Flavored chocolates like sea salt, caramel and orange are already common additives, but so are other ingredients that are considered “natural” and offer additional functional or health benefits, such as rose water, rosemary, beetroot and chocolate that use other sugar sources (e.g. not White sugar). There is even high-protein chocolate geared towards health awareness and post-workout consumption.

Q: Will vegan chocolate ever surpass traditional chocolate in popularity?

A: As long as the taste, texture and melt are acceptable, customers can forego a slight lack of these special sensory aspects in connection with chocolate in order to achieve a higher cause and a higher feel-good factor for the right thing, for example to protect the environment. Even without milk, chocolate still contains feel-good chemicals that influence the brain and body and make eating chocolate a pleasant experience.

Q: What kind of chocolate do you prefer?

A: Sensory scientists give no preference – this word is not in their sensory lexicon!

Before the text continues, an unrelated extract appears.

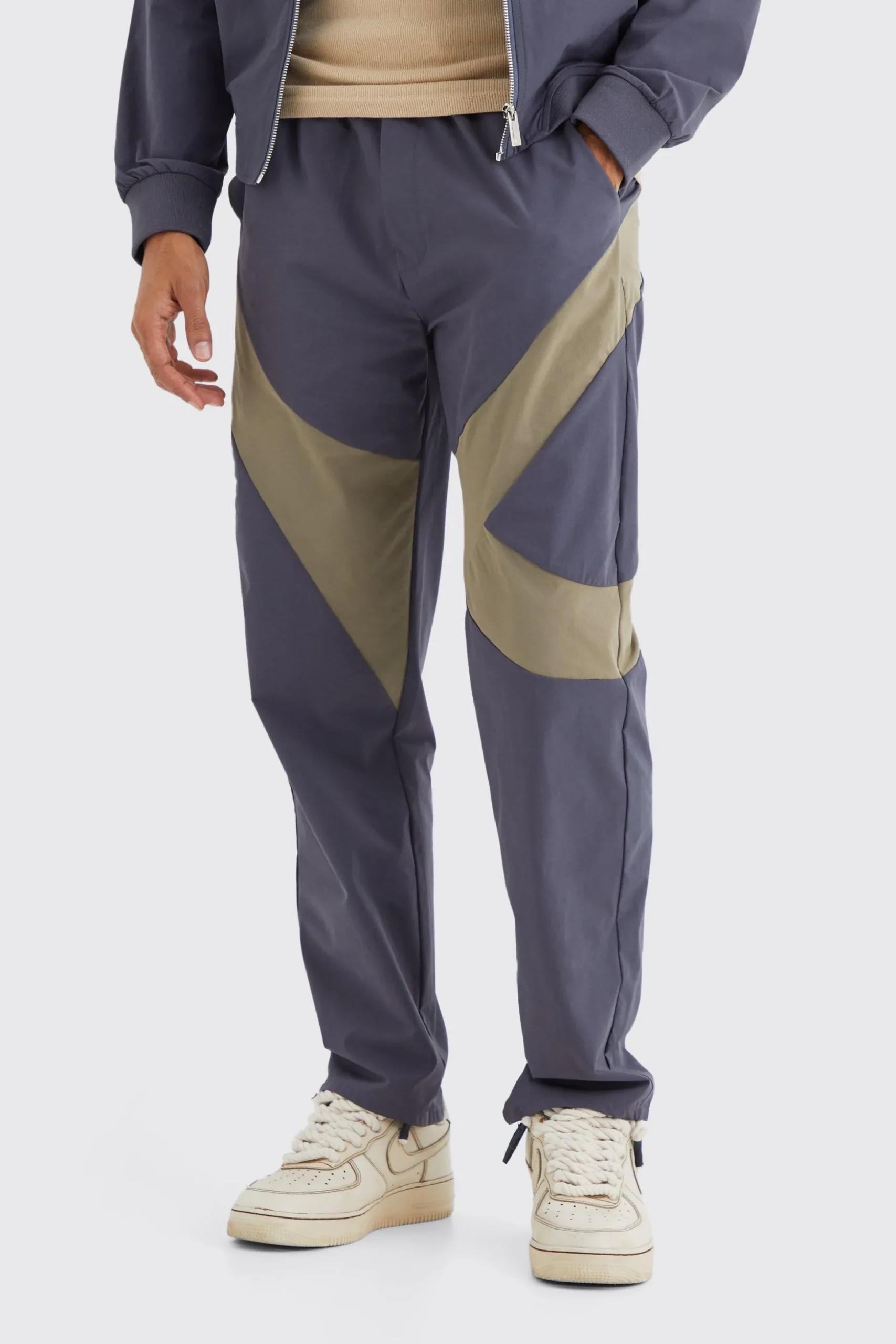 Elasticated Waist Straight Technical Stretch Panel Trouser | BoohooMAN UK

The divine dark chocolate egg was seriously indulgent!

About the author

Dr. Debbie Parker is Head of Sensory at Walnut UNLIMITED, the agency for human understanding. She is a sensory scientist with a degree in biochemistry, a postgraduate certificate in sensory science, and a doctorate in brewing science. She leads sensory panels in evaluating all food, beverage and non-food projects to use sensory science to provide a full understanding of brands. Debbie is also a certified trainer, regular lecturer and presenter and one of the few female beer sommeliers in the UK.

With these skills, Debbie is a regular judge of the Quality Awards and the Great British Beer Festival and has led tastings at the British Embassy in Stockholm and the European Parliament. Debbie has provided an expert review for Channel 4’s Food Unwrped program, BBC Radio’s 4 Food program, and World Service. It’s safe to say that Debbie knows her flavors.